PERSONHOOD
What does it mean to say that God is a person? We often hear Christians claim that they ‘have a personal relationship with Christ,’ and we’re told that in the Trinity, there are ‘Three Persons in one Godhead,’ but what, exactly, is a person?
First of all, when we say that God is a person, what we mean is that you, me, and everyone else who has ever or will ever live is a person. And because God is infinitely greater than us, omnipotent, perfect, and lacking nothing, then this thing we possess, personhood, must also be true of God as well, although the likelihood that He possesses it to perfection and whatever we have that we call personhood only exists in us, imperfectly and incomplete.
That still doesn’t answer the question of what Personood is. And the fact of the matter, we can only hope to hazard some guesses. Interesting, isn’t it?
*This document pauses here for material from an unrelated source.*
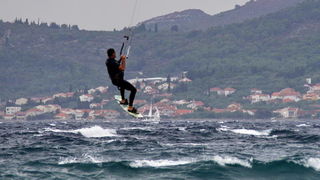 Kiteri i surferi uživali u jakom jugu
That whatever makes us unique amongst God’s creatures, this thing that separates us from the beasts, is something that we can’t quite exactly put our finger on?
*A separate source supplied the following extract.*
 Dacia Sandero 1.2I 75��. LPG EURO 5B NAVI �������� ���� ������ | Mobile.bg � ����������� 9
One of the interesting things about Personhood is that it is a Christian concept. As Pope Benedict wrote in his book, Introduction to Christianity,
“Here it must be mentioned that the word persona and its Greek equivalent, prosopon, belong to the language of the theater. They denoted the mask that made the actor into the embodiment of someone else. It was as a result of considerations of this sort that the word was first introduced into the language of Christianity and so transformed by the Christian faith itself in the course of a severe struggle that out of the word arose the idea of the person, a notion alien to antiquity. (emphasis added)
And here lies one of the clues about Personhood, it is relational. The lone individual is never a person. Imagine someone dropped at birth on a desert island. Let’s skip the details on how this individual is fed, or how their diaper is changed. Somehow, they grow up with no other humans. Who does this human think he is? He can’t know whether he has an anger problem, is particularly skittish, funny, smart, kind, generous, or even that he’s a ‘he’. He has no ability to see himself reflected in his relationship with others, he has not been loved, or been able to love anyone.
Who we are as persons depends on these things. The love and acceptance (or lack thereof) received from parents, family, and friends. The guidance or shame we receive from mentors, coaches, and teachers, all effect our understanding of ourselves as persons. This also means we each bear a great responsibility for the personhood of others. Through our relationships, we affect other people’s understanding of themselves.
But our true personhood begins and ends in Christ. Through Him and our relationship with Him, we are accepted for who we truly are, not as we or others think of us, but who are as creatures made in the image and likeness of God. Importantly, although He accepts us as we are, He also knows who we can become. Acceptance does not mean capitulation to one’s own ideas of self, but rather, an acknowledgement of both our worth and our shortcomings. God accepts us as we are so that we can become something, someone, so much more.